_TASK TO CARRY OUT_. What is wanted is an exact copy of all the entries.

_Records drawn from a dataset_.
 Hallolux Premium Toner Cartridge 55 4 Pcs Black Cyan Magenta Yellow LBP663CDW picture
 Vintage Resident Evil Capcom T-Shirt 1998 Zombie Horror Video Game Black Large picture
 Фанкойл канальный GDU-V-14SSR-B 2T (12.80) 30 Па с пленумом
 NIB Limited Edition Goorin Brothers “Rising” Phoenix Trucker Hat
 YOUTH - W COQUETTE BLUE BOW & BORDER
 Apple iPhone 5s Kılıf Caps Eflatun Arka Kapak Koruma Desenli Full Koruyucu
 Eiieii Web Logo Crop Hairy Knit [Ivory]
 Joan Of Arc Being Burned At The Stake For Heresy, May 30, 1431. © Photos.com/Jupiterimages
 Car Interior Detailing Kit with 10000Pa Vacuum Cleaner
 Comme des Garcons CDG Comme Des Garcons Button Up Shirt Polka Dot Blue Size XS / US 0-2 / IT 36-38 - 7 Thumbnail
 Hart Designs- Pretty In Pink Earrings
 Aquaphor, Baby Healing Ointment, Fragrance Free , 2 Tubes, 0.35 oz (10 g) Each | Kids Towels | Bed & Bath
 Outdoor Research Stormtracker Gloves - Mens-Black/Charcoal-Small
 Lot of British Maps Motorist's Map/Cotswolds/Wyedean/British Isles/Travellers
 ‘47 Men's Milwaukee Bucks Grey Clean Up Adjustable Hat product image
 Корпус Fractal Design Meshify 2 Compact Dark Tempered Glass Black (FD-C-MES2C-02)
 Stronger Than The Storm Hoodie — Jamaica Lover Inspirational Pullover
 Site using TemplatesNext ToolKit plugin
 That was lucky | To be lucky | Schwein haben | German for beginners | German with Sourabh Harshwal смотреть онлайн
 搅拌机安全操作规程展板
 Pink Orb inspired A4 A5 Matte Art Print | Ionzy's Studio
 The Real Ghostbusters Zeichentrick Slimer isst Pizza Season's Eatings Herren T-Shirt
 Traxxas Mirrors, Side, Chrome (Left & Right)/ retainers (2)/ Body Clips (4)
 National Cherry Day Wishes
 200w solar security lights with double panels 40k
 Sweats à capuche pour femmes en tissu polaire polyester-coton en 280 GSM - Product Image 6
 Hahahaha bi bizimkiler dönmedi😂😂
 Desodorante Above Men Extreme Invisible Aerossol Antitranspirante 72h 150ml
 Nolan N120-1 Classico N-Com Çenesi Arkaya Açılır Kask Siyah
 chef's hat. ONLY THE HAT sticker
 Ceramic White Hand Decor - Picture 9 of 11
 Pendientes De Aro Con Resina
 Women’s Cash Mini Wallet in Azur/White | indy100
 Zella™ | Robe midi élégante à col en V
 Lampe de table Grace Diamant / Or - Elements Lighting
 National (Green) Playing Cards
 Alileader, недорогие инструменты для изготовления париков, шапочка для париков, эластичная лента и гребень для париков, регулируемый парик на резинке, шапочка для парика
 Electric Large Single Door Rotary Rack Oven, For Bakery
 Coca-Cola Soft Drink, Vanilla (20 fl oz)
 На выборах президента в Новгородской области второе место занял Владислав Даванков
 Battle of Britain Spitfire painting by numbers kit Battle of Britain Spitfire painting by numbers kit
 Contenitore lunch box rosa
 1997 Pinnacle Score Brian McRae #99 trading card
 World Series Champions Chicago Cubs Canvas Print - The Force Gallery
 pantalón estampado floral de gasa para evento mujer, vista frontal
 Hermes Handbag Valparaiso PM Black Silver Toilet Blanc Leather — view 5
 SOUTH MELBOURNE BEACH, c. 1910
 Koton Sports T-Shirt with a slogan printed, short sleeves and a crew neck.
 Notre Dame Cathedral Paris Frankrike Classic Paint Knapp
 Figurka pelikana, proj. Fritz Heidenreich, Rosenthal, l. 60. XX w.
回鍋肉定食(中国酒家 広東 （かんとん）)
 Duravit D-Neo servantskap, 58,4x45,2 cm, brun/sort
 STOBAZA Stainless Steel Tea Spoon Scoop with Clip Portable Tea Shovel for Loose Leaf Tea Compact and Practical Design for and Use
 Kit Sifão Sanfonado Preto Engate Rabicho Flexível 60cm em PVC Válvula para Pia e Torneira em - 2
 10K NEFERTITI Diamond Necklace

_WRITTEN ANSWER_.
 Hallolux Premium Toner Cartridge 55 4 Pcs Black Cyan Magenta Yellow LBP663CDW picture
 Vintage Resident Evil Capcom T-Shirt 1998 Zombie Horror Video Game Black Large picture
 Фанкойл канальный GDU-V-14SSR-B 2T (12.80) 30 Па с пленумом
 NIB Limited Edition Goorin Brothers “Rising” Phoenix Trucker Hat
 YOUTH - W COQUETTE BLUE BOW & BORDER
 Apple iPhone 5s Kılıf Caps Eflatun Arka Kapak Koruma Desenli Full Koruyucu
 Eiieii Web Logo Crop Hairy Knit [Ivory]
 Joan Of Arc Being Burned At The Stake For Heresy, May 30, 1431. © Photos.com/Jupiterimages
 Car Interior Detailing Kit with 10000Pa Vacuum Cleaner
 Comme des Garcons CDG Comme Des Garcons Button Up Shirt Polka Dot Blue Size XS / US 0-2 / IT 36-38 - 7 Thumbnail
 Hart Designs- Pretty In Pink Earrings
 Aquaphor, Baby Healing Ointment, Fragrance Free , 2 Tubes, 0.35 oz (10 g) Each | Kids Towels | Bed & Bath
 Outdoor Research Stormtracker Gloves - Mens-Black/Charcoal-Small
 Lot of British Maps Motorist's Map/Cotswolds/Wyedean/British Isles/Travellers
 ‘47 Men's Milwaukee Bucks Grey Clean Up Adjustable Hat product image
 Корпус Fractal Design Meshify 2 Compact Dark Tempered Glass Black (FD-C-MES2C-02)
 Stronger Than The Storm Hoodie — Jamaica Lover Inspirational Pullover
 Site using TemplatesNext ToolKit plugin
 That was lucky | To be lucky | Schwein haben | German for beginners | German with Sourabh Harshwal смотреть онлайн
 搅拌机安全操作规程展板
 Pink Orb inspired A4 A5 Matte Art Print | Ionzy's Studio
 The Real Ghostbusters Zeichentrick Slimer isst Pizza Season's Eatings Herren T-Shirt
 Traxxas Mirrors, Side, Chrome (Left & Right)/ retainers (2)/ Body Clips (4)
 National Cherry Day Wishes
 200w solar security lights with double panels 40k
 Sweats à capuche pour femmes en tissu polaire polyester-coton en 280 GSM - Product Image 6
 Hahahaha bi bizimkiler dönmedi😂😂
 Desodorante Above Men Extreme Invisible Aerossol Antitranspirante 72h 150ml
 Nolan N120-1 Classico N-Com Çenesi Arkaya Açılır Kask Siyah
 chef's hat. ONLY THE HAT sticker
 Ceramic White Hand Decor - Picture 9 of 11
 Pendientes De Aro Con Resina
 Women’s Cash Mini Wallet in Azur/White | indy100
 Zella™ | Robe midi élégante à col en V
 Lampe de table Grace Diamant / Or - Elements Lighting
 National (Green) Playing Cards
 Alileader, недорогие инструменты для изготовления париков, шапочка для париков, эластичная лента и гребень для париков, регулируемый парик на резинке, шапочка для парика
 Electric Large Single Door Rotary Rack Oven, For Bakery
 Coca-Cola Soft Drink, Vanilla (20 fl oz)
 На выборах президента в Новгородской области второе место занял Владислав Даванков
 Battle of Britain Spitfire painting by numbers kit Battle of Britain Spitfire painting by numbers kit
 Contenitore lunch box rosa
 1997 Pinnacle Score Brian McRae #99 trading card
 World Series Champions Chicago Cubs Canvas Print - The Force Gallery
 pantalón estampado floral de gasa para evento mujer, vista frontal
 Hermes Handbag Valparaiso PM Black Silver Toilet Blanc Leather — view 5
 SOUTH MELBOURNE BEACH, c. 1910
 Koton Sports T-Shirt with a slogan printed, short sleeves and a crew neck.
 Notre Dame Cathedral Paris Frankrike Classic Paint Knapp
 Figurka pelikana, proj. Fritz Heidenreich, Rosenthal, l. 60. XX w.
回鍋肉定食(中国酒家 広東 （かんとん）)
 Duravit D-Neo servantskap, 58,4x45,2 cm, brun/sort
 STOBAZA Stainless Steel Tea Spoon Scoop with Clip Portable Tea Shovel for Loose Leaf Tea Compact and Practical Design for and Use
 Kit Sifão Sanfonado Preto Engate Rabicho Flexível 60cm em PVC Válvula para Pia e Torneira em - 2
 10K NEFERTITI Diamond Necklace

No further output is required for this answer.